We uphold the decisions below and the contentions of the Government to the effect that the statutory provision thus made for a petition to the Tax Court was not, in any case before us, an optional or alternative procedure. It provided the one and only procedure to secure a redetermination of the excessive profits which had been determined to exist by the orders of the respective Secretaries or of the Board in the cases before us. Failure of the respective petitioners to exhaust that procedure has left them with no right to present here issues such as those as to the coverage and the amount of profits which might have been presented there....

Id. at 792, 68 S. Ct. at 1319-20.

It is clear that the CDA provides the exclusive method for challenging the final decision of the Contracting Officer, and that this Court is without jurisdiction to consider challenges to such decisions. It is conclusively established that the Defendant received notice of the default and of his rights under the CDA to seek review of that decision.

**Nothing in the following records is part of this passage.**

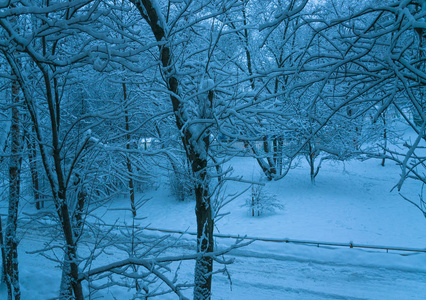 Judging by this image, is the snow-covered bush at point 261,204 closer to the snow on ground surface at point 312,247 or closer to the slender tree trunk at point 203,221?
the snow on ground surface at point 312,247

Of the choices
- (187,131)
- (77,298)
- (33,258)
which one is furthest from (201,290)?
(33,258)

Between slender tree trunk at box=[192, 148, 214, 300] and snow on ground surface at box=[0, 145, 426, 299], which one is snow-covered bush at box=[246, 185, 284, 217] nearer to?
snow on ground surface at box=[0, 145, 426, 299]

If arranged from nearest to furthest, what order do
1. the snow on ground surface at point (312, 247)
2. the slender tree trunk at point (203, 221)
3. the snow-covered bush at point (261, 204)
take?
the slender tree trunk at point (203, 221)
the snow on ground surface at point (312, 247)
the snow-covered bush at point (261, 204)

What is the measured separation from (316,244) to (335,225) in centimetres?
205

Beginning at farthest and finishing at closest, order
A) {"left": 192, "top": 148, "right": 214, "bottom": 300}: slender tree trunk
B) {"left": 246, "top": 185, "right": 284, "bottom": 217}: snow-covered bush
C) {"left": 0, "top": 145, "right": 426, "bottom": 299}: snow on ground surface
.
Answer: {"left": 246, "top": 185, "right": 284, "bottom": 217}: snow-covered bush → {"left": 0, "top": 145, "right": 426, "bottom": 299}: snow on ground surface → {"left": 192, "top": 148, "right": 214, "bottom": 300}: slender tree trunk

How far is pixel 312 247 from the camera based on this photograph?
9.29m

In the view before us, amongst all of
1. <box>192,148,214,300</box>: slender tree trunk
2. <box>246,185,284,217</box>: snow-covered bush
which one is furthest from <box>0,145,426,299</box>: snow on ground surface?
<box>192,148,214,300</box>: slender tree trunk

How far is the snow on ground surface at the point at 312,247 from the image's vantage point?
7207mm

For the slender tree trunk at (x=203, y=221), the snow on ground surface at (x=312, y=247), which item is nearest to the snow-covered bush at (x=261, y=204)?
the snow on ground surface at (x=312, y=247)

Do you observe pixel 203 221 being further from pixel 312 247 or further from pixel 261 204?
pixel 261 204

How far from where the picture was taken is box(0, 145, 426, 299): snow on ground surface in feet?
23.6

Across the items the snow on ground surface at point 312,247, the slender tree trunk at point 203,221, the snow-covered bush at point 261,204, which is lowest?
the snow on ground surface at point 312,247

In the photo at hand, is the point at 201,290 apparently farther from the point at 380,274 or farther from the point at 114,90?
the point at 114,90

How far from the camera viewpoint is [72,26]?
263 cm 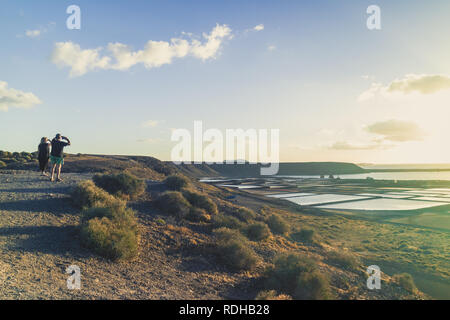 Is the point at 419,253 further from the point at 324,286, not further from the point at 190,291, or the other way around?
the point at 190,291

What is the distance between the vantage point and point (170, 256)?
10.0 m

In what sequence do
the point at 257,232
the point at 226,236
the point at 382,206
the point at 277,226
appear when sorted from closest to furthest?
1. the point at 226,236
2. the point at 257,232
3. the point at 277,226
4. the point at 382,206

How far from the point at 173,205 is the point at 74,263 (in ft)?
24.5

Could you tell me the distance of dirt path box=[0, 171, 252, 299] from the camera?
6359 mm

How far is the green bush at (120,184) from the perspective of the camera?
1570cm

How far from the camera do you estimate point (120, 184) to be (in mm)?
15906

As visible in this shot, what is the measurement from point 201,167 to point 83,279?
155490 millimetres

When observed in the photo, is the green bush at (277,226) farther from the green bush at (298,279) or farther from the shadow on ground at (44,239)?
the shadow on ground at (44,239)

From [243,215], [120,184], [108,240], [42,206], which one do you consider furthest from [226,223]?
[42,206]

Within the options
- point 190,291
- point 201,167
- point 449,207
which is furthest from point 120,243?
point 201,167

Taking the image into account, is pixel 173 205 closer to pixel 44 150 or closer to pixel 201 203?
pixel 201 203

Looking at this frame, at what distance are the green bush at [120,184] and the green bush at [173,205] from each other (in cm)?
149

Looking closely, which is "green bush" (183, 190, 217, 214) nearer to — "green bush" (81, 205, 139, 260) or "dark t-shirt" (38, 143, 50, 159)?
"green bush" (81, 205, 139, 260) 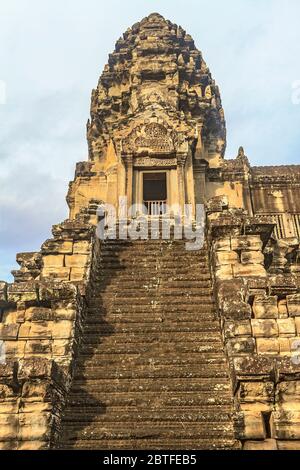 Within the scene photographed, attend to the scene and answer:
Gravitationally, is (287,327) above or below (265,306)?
below

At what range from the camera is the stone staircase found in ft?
22.0

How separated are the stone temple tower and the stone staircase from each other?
0.02 meters

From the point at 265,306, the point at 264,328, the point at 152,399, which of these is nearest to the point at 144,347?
the point at 152,399

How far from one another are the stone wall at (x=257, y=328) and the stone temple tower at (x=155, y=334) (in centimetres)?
2

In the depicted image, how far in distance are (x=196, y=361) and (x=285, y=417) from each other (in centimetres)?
217

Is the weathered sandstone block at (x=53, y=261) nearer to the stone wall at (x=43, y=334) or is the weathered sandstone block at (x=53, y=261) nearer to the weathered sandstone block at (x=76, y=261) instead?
the stone wall at (x=43, y=334)

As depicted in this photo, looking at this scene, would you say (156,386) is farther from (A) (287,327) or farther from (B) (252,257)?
(B) (252,257)

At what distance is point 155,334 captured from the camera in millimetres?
8742

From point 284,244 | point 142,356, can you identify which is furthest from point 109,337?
point 284,244

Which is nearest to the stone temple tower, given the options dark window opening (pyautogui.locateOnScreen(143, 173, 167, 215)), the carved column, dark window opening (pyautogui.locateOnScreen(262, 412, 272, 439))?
dark window opening (pyautogui.locateOnScreen(262, 412, 272, 439))

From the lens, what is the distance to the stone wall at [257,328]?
20.2 ft

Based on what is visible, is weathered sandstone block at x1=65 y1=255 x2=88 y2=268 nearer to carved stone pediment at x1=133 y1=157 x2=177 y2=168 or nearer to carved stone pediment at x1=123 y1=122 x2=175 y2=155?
carved stone pediment at x1=133 y1=157 x2=177 y2=168

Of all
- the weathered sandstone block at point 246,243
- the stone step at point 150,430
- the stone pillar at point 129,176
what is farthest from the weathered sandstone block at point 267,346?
the stone pillar at point 129,176

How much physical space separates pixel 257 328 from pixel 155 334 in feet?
6.22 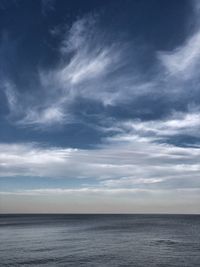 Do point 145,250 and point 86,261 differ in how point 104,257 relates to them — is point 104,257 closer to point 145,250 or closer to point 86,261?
point 86,261

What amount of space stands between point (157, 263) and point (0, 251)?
104 ft

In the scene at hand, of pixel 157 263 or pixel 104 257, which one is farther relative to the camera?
pixel 104 257

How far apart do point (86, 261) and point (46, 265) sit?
7.48 meters

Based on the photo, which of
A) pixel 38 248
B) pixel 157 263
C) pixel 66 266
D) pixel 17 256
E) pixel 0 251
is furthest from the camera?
pixel 38 248

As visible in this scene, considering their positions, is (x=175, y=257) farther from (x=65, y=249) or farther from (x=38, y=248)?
(x=38, y=248)

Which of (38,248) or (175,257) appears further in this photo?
(38,248)

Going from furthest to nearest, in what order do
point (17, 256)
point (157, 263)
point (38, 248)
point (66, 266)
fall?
point (38, 248)
point (17, 256)
point (157, 263)
point (66, 266)

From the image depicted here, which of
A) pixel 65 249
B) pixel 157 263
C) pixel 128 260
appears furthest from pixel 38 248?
pixel 157 263

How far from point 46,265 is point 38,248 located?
1957 cm

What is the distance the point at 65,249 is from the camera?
64500mm

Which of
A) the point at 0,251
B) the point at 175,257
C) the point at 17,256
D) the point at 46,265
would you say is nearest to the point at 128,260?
the point at 175,257

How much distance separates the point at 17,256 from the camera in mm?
55250

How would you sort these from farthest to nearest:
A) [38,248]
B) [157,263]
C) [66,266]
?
[38,248], [157,263], [66,266]

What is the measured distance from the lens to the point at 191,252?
203 ft
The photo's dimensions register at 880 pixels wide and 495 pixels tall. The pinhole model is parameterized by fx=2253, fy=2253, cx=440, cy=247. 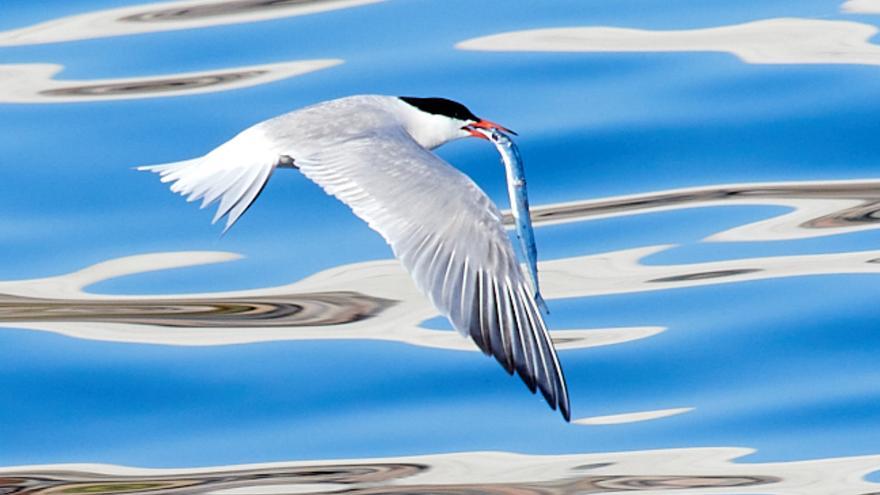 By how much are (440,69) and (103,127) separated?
1303 mm

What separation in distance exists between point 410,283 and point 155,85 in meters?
1.56

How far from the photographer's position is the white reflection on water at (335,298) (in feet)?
24.9

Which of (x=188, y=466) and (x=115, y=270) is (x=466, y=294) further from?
(x=115, y=270)

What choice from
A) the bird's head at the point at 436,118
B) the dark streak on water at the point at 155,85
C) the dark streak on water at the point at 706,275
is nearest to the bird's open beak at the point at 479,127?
the bird's head at the point at 436,118

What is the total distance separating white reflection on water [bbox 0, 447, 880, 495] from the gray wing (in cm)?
106

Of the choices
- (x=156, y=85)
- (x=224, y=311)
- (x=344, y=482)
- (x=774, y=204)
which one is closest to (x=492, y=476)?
(x=344, y=482)

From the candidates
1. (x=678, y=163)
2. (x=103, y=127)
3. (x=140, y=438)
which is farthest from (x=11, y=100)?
(x=678, y=163)

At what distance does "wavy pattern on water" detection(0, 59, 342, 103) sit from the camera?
8656 mm

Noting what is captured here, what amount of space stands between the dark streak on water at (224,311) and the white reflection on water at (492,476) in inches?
33.1

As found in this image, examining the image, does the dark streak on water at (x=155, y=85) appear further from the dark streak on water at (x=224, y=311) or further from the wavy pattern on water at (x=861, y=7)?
the wavy pattern on water at (x=861, y=7)

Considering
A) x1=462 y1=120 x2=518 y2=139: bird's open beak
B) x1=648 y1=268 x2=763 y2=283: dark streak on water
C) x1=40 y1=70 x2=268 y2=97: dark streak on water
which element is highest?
x1=40 y1=70 x2=268 y2=97: dark streak on water

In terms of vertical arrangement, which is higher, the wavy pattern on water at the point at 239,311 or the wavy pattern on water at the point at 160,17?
the wavy pattern on water at the point at 160,17

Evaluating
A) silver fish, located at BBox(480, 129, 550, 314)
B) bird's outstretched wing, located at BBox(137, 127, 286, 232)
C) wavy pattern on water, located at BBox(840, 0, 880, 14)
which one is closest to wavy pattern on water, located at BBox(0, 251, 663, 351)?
bird's outstretched wing, located at BBox(137, 127, 286, 232)

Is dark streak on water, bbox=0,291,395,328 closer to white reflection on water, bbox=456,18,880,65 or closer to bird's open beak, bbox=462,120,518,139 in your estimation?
bird's open beak, bbox=462,120,518,139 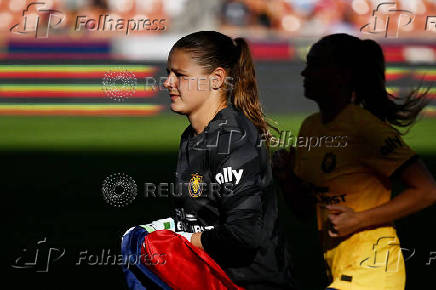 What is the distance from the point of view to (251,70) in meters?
3.03

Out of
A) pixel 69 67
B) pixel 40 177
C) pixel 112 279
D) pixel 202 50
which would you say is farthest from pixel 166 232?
pixel 69 67

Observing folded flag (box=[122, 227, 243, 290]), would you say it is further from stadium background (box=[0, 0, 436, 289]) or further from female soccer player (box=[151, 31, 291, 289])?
stadium background (box=[0, 0, 436, 289])

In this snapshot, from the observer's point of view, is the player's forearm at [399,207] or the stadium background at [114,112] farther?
the stadium background at [114,112]

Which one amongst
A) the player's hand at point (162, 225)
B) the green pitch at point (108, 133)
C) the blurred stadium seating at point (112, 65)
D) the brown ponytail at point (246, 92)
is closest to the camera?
the player's hand at point (162, 225)

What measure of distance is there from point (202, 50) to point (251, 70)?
9.5 inches

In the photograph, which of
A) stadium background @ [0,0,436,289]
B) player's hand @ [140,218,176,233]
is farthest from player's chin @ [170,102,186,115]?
stadium background @ [0,0,436,289]

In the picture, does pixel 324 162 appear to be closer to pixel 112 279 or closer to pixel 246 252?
pixel 246 252

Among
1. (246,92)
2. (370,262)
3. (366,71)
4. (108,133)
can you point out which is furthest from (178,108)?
(108,133)

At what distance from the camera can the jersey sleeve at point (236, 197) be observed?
2637 millimetres

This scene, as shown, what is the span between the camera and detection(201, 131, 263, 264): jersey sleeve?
8.65 ft

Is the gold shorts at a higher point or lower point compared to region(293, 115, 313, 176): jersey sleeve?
lower

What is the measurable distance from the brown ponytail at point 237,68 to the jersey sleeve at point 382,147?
16.2 inches

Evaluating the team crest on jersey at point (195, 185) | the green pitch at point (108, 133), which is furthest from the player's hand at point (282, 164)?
the green pitch at point (108, 133)

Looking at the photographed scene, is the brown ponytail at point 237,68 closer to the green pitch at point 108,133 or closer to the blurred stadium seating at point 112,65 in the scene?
the green pitch at point 108,133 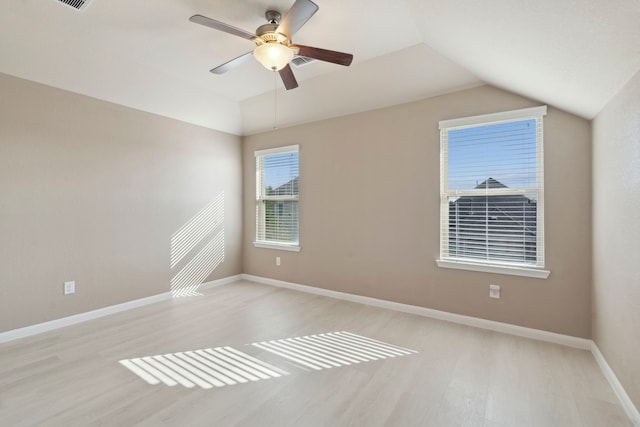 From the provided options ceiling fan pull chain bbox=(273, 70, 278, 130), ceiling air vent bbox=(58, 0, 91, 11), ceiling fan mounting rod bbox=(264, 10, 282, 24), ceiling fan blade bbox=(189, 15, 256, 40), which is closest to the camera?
ceiling fan blade bbox=(189, 15, 256, 40)

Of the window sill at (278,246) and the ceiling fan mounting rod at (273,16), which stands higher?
the ceiling fan mounting rod at (273,16)

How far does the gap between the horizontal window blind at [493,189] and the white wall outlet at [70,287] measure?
13.6 ft

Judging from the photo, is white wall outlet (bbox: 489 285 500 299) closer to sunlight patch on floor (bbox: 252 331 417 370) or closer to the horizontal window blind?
the horizontal window blind

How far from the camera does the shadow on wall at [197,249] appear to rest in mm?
4219

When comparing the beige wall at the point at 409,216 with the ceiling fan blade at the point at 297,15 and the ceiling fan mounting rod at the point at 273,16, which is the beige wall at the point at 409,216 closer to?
the ceiling fan mounting rod at the point at 273,16

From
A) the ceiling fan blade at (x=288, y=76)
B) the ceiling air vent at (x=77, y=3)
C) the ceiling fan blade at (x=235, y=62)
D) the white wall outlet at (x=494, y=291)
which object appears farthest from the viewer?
the white wall outlet at (x=494, y=291)

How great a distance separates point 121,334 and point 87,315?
745 millimetres

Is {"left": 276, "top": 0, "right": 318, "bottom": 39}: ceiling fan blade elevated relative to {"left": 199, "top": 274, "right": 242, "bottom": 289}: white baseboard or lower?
elevated

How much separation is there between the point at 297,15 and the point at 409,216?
2.41 metres

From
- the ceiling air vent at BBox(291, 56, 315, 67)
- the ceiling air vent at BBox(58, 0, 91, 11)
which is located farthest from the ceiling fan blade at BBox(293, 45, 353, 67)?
the ceiling air vent at BBox(58, 0, 91, 11)

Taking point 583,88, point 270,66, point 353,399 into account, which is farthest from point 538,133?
point 353,399

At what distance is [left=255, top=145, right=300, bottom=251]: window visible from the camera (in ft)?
15.1

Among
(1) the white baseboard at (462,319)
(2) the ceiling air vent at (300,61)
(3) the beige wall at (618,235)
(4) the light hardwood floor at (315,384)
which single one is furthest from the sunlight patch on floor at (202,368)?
(2) the ceiling air vent at (300,61)

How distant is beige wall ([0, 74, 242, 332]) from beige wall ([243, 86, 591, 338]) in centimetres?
139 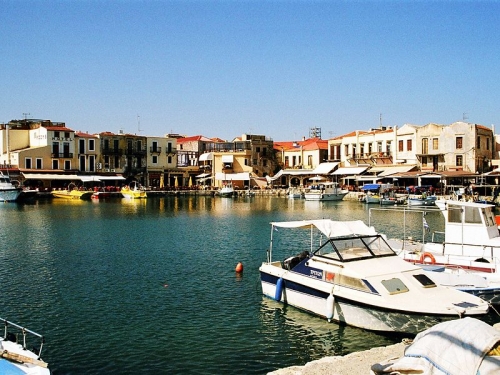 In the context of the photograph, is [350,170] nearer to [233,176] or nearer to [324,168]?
[324,168]

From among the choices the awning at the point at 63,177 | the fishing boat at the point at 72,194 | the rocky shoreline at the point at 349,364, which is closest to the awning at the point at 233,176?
the awning at the point at 63,177

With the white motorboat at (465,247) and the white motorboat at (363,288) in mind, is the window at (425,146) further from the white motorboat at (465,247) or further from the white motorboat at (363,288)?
the white motorboat at (363,288)

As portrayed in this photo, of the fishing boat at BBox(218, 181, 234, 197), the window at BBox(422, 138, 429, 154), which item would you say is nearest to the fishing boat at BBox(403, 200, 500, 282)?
the window at BBox(422, 138, 429, 154)

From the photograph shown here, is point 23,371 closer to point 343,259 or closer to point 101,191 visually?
point 343,259

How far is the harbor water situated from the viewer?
1377 cm

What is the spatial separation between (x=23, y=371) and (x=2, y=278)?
47.2 feet

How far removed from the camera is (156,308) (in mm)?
18141

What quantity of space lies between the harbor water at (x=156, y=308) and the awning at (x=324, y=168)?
5238 centimetres

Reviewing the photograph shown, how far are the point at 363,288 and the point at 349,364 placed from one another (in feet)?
15.5

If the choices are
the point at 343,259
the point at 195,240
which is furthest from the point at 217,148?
the point at 343,259

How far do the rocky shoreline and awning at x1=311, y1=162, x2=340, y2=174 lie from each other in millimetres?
77514

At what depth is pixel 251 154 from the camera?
96500 mm

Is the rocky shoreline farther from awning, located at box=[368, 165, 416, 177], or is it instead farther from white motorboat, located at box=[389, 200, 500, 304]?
awning, located at box=[368, 165, 416, 177]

Any defenses or challenges to the Contracting Officer's final decision, including the Defendant's mental capacity during the contract period, must by law be pursued under the appellate procedures contained in the CDA. This Court lacks jurisdiction to consider these challenges at this time.

Accordingly, the Motion for Summary Judgment of the Government is well-taken and is hereby granted.